What really matters when evaluating AI Agents for customer service?

When considering AI Agent options, some teams don’t focus on the right evaluation criteria. Not because they aren’t rigorous – most are – but because they are only rigorous about a subset of the criteria.

I’ve had a lot of exposure to our customers and prospects running a “proof of concept” (POC) to evaluate an AI Agent for customer service over the past few years. It’s understandable that many spend the majority of their evaluation time on performance, paying close attention to accuracy scores, resolution rates, and benchmark tests on curated datasets.
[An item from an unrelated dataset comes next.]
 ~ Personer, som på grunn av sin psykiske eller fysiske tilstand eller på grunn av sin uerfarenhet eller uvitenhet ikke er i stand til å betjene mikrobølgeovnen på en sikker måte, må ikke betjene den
But performance indicators alone aren’t enough to guarantee success outside of the evaluation.

If your POC only proves that the AI “works,” you’re missing the bigger picture. Here’s what else you should look for to ensure you’re making the best long-term decision.

How does it handle your real-world setup?
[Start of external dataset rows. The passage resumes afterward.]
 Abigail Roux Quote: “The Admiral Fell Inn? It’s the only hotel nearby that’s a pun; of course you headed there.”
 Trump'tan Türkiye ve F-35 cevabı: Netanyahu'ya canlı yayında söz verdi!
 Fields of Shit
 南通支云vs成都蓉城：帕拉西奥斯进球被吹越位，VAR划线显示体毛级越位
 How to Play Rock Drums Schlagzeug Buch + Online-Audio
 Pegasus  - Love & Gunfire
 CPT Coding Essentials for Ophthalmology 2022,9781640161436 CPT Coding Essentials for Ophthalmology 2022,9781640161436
Performance is important. No one is disputing that. But performance in a POC should reflect the reality of the messiness that is typical in most support environments.

Getting an answer right is crucial, but the best performing Agents will also demonstrate sophisticated behavior, proving they’re capable of interacting with real human customers, not just curated datasets. Pay attention to how it behaves when it doesn’t know an answer – does it recover or does it spiral? Does it stay on track when navigating a complicated request with multiple steps? How does it handle handing over to your human agents?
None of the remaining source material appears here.